At some point, usually around the time I’m actually starting to believe that life might be measurably better with a certain thing I don’t yet have, I flash on my father, a bigger than life military man I’ve written about many times before. For whatever reason, and against all odds, Jim Curry, liked Christmas.

He passed away over 30 years ago, so I’m not completely sure he wouldn’t have eventually gone the way of the Grinch, especially given today’s subscriptions boxes and animal adoptions and thematic gifting and blogger posts and celebrity curators like Oprah and Ellen and corporate ones like Amazon and BuzzFeed. He certainly would have put his foot down at the pressure imposed to spend, to splurge, to agonize over what others have pitched as the perfect gifts.

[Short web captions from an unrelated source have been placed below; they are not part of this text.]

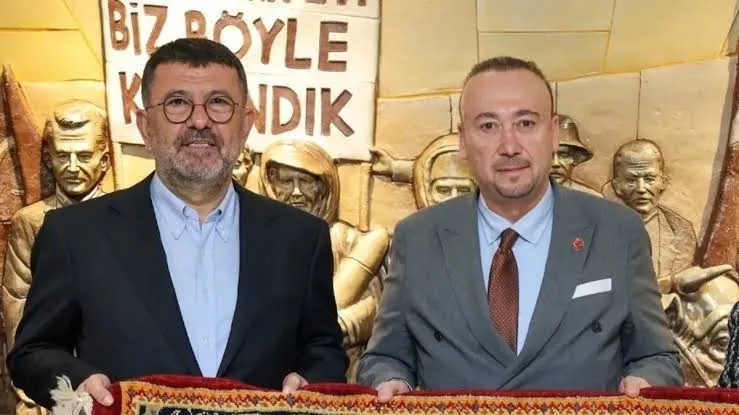 yalim-dokuldu-rusvet-kanatladi-ozgur-ozelin-10-milyon-dolarlik-sikorsky-sevdasi-para-trafigini-ispatlarim-diye-1782640388577.jpeg Yalım döküldü rüşvet kanatladı! Özgür Özel'in 10 milyon dolarlık "Sikorsky" sevdası: Para trafiğini "ispatlarım" diyerek anlattı-10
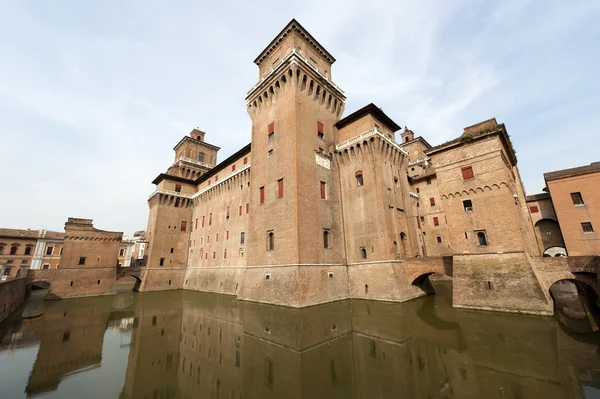 Ferrara (Emilia-Romagna, Itália) - O castelo medieval — Fotografia de Stock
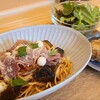 Rira - A:Rira(リラ)ランチ(税込1,430円)
①野菜サラダ(バジル&赤縮緬萵苣&萵苣&水菜)②鶏唐揚げ《2個》③モッツァレラチーズ&バジル&生ハム&茄子の蕃加ソースのパスタ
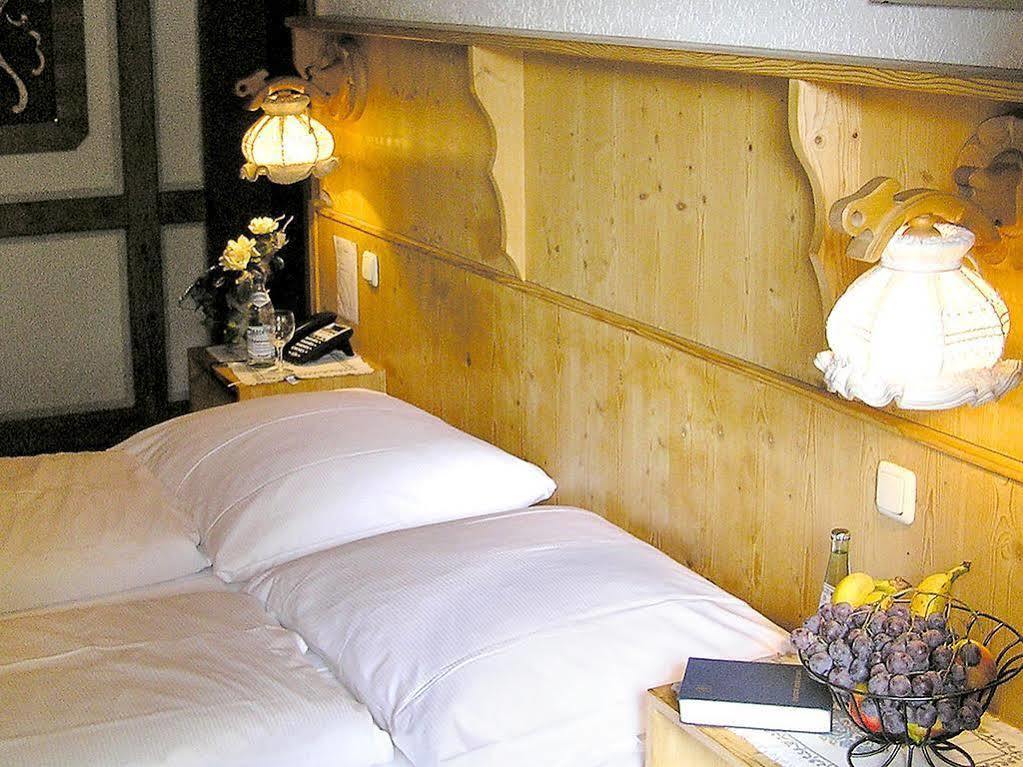 Gasthof Hotel Zur Post คีเฟอร์สเฟลเดน ภายนอก รูปภาพ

Not to mention the religious aspects of the holiday he was never quite on board with. At the dinner table one night, after a heated argument about religion (me from my perch as a Catholic high school sophomore at a school he’d enrolled me in), he declared he would never set foot in a church again. As a self-proclaimed nonbeliever, he rarely went anyway, but with my mother’s French Catholicism backdropping the raising of the kids, he had always managed to put the suit on for the occasional church wedding and for midnight mass. No more midnight masses. Maybe no more weddings.

So, it wasn’t entirely clear to me why he liked Christmas. He’d grown up relatively poor in the Depression years, a father gone, his mother and grandmother raising him. And yet, he wasn’t a man who wanted much, except for the very best of anything! (This became ever so clear in a pile of letters he wrote to my mother in the 1950s during 10 years’ worth of tours of duty. He was buying suits in Hong Kong he could not afford while she was literally buying bolts of material to make clothes for three kids. )

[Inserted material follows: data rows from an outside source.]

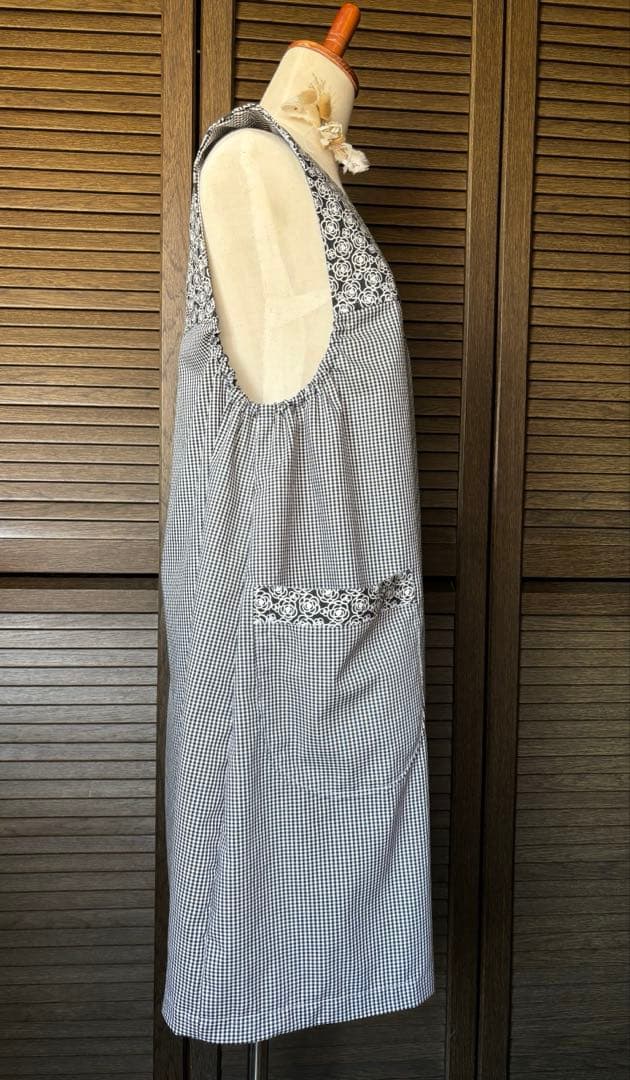 マぁガレット　エプロン　ハンドメイド　割烹着　保育士　介護　ワンピース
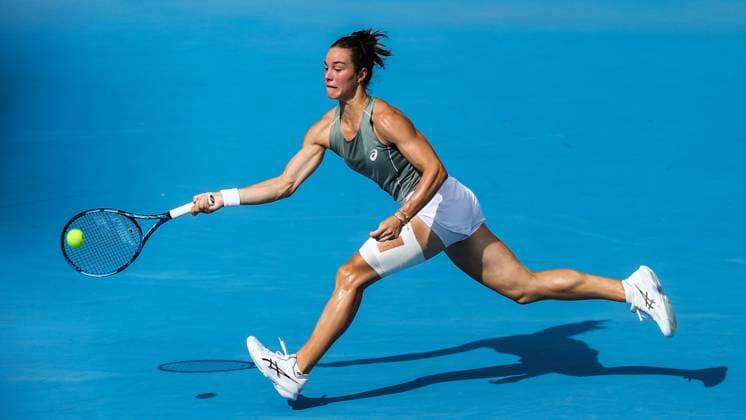 BEIJING, CHINA - SEPTEMBER 29: Lois Boisson of France competes in the Women s Singles Round of 32 match against Emma Navarro of the United States on day 8 of the 2025 China Open at the National Tennis Center on September 29, 2025 in Beijing, China.  Copyright: xVCGx 111593935957
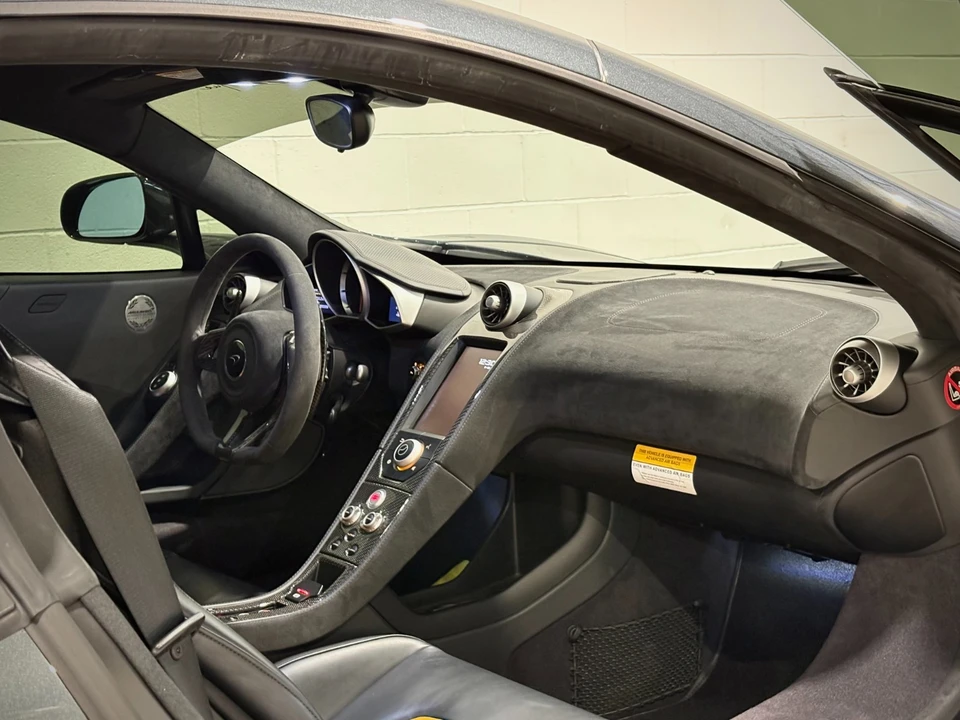 2015 McLaren 650S Coupe - Image 16 of 20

But at Christmas, all personality rules seemed to be off, and in a beautiful you-never-know-about-people (especially your dad) sort of way, he settled into the season. He might have been done with midnight mass, but he created a memorable tradition of Dad’s Christmas on Cascadia Avenue. Old school, spare and oddly curated — part Charlie Brown, part king-of-the-castle, and all of it commencing with the clearance tree we’d go buy for $1.99 at the local variety store in Seattle and then drill holes into in order to fill it out more (seriously).

Sacred rituals? Excessive tinselizing of said tree (tinsel was made of lead back then). Ornaments that never changed at all, not in 30 years. And, at some point mysteriously slotted into the delicious days before Christmas, he would disappear into his office, a cozy little smile on his face, with the ribbons and scotch tape and the limited assortment of wrapping paper we had back then, and carefully wrap all the presents he’d purchased for the family. It was the bows I remember best, a simple type of little flower bow he would make by wrapping curling ribbon around and around his hand, tying it in the middle and then fanning out all the loops into petals. Every single gift got one. Every year.

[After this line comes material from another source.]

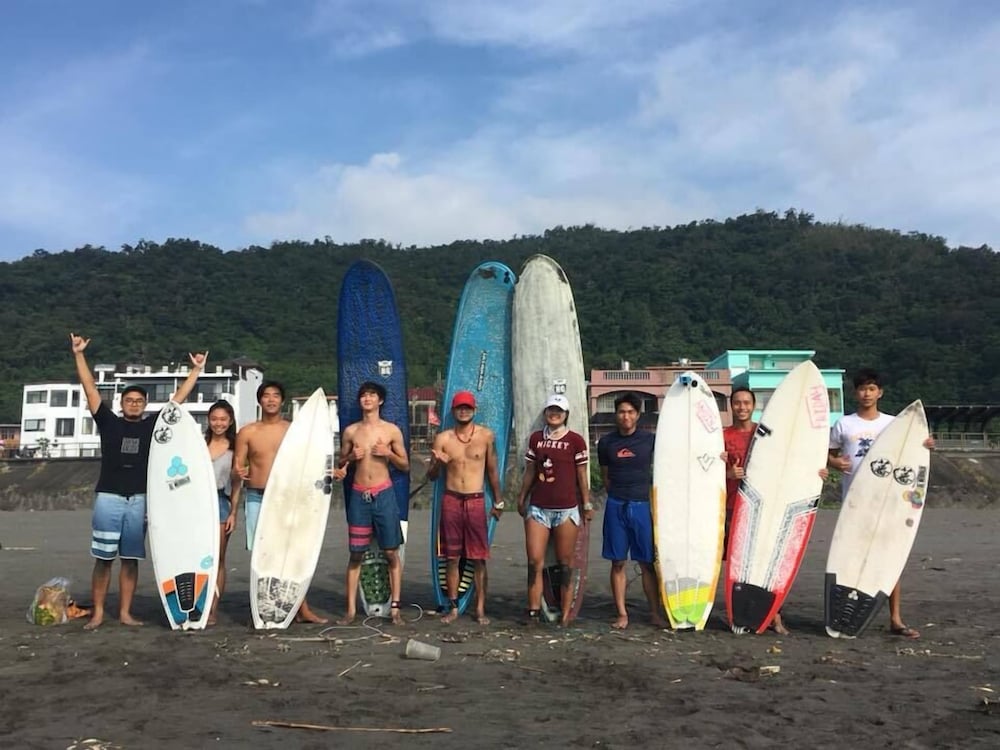 Wave Backpackers - Hostel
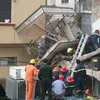 Ngôi nhà ba tầng bị sập và hư hỏng nặng do vụ nổ bình ga. (Ảnh: Trung Hiền/Vietnam+)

Curation for the girls (there were two of us, and two boys) was very simple and did not waver much: dried fruit assortments from Harry & David (platters that came with a two-pronged plastic fork that included dates and maraschino cherries, apricots and pears and such). A silk scarf in a small box, with tissue. And some kind of bath item like powder with a puff — usually a respectable, well-known scent.

These gifts were old fashioned even back then! But thinking back on it, I loved what he brought, for his daughters especially, at Christmas: delightfully simple things that were, in their own way, quintessential and right. Care spent in making them ready. And the simple tag accompanying each one of them that said our names and “Love, Dad” in his own loopy, big-boss-man handwriting. In fact, it was probably those two words in juxtaposition — “Love” and “Dad” — that, along with his little gift, reminded us that he had a beating heart, after all, and that it was a soft and tender one.